= Beginning of Section =

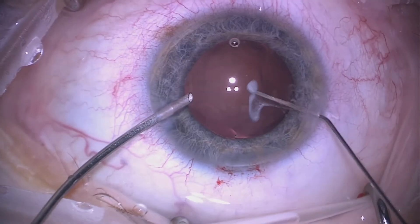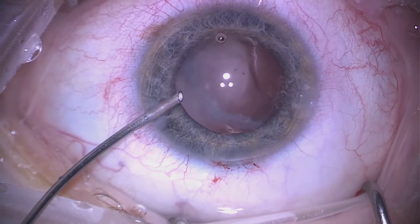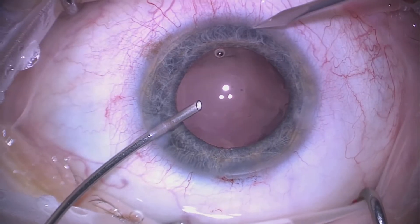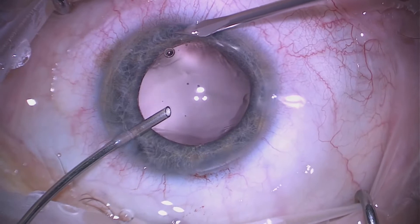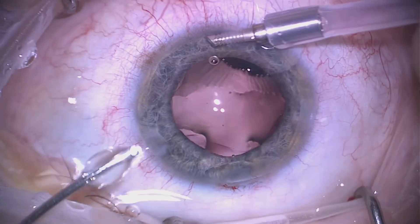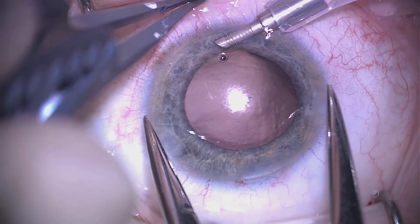Once we feel we've completed the vitrectomy, we use some Triamcinolone, and it is obvious that we've removed the vast majority of the core vitreous. We then leave the infusion in place, create a further paracentesis, and insert a Lewicki cannula — this is very useful to maintain pressure within the eye as we perform further maneuvers.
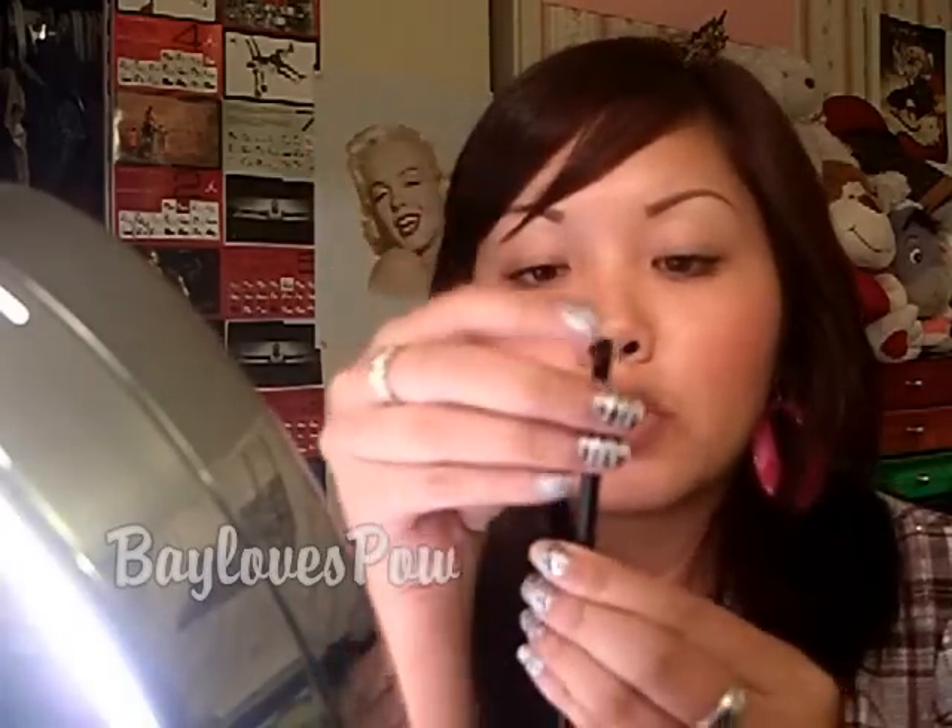Hello everyone and welcome back to Makeup by Pow Pow Baby. Today I will not be doing an eye makeup tutorial but I will be showing you how I do a red lip. You only need a red lipstick, a lip liner, and a lip brush. I'm using NYX and I don't know what kind it is but it's really dense and very small, so you really need that for precision.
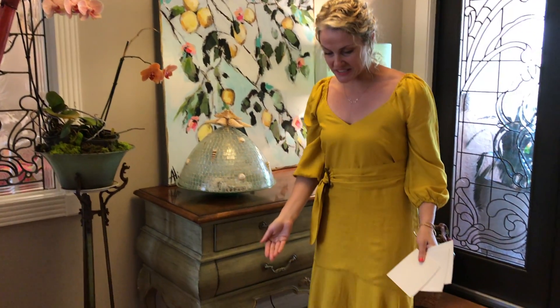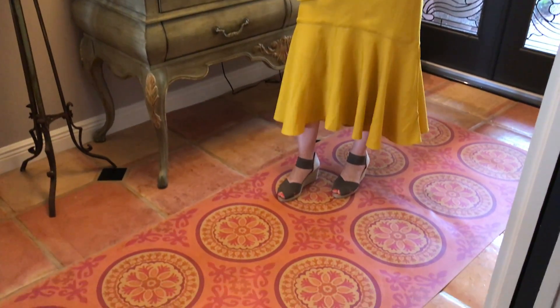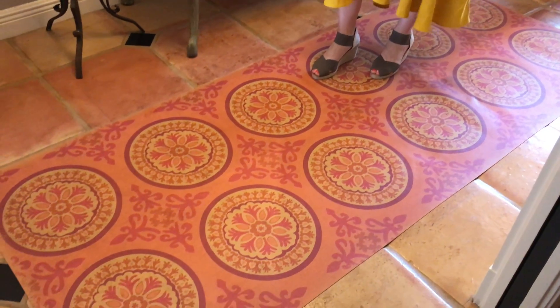Hi guys, it's Erin with BSEID and I'm going to talk to you about the Vinyl Floor Claws by Spiker & Company. This is an awesome product. You can see here it comes in amazing colors and all sorts of patterns.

= End of Section =

● What this task involves
All of the data above needs to be given again exactly. Leave out each image.

● Answer to this exercise
Once we feel we've completed the vitrectomy, we use some Triamcinolone, and it is obvious that we've removed the vast majority of the core vitreous. We then leave the infusion in place, create a further paracentesis, and insert a Lewicki cannula — this is very useful to maintain pressure within the eye as we perform further maneuvers.
Hello everyone and welcome back to Makeup by Pow Pow Baby. Today I will not be doing an eye makeup tutorial but I will be showing you how I do a red lip. You only need a red lipstick, a lip liner, and a lip brush. I'm using NYX and I don't know what kind it is but it's really dense and very small, so you really need that for precision.
Hi guys, it's Erin with BSEID and I'm going to talk to you about the Vinyl Floor Claws by Spiker & Company. This is an awesome product. You can see here it comes in amazing colors and all sorts of patterns.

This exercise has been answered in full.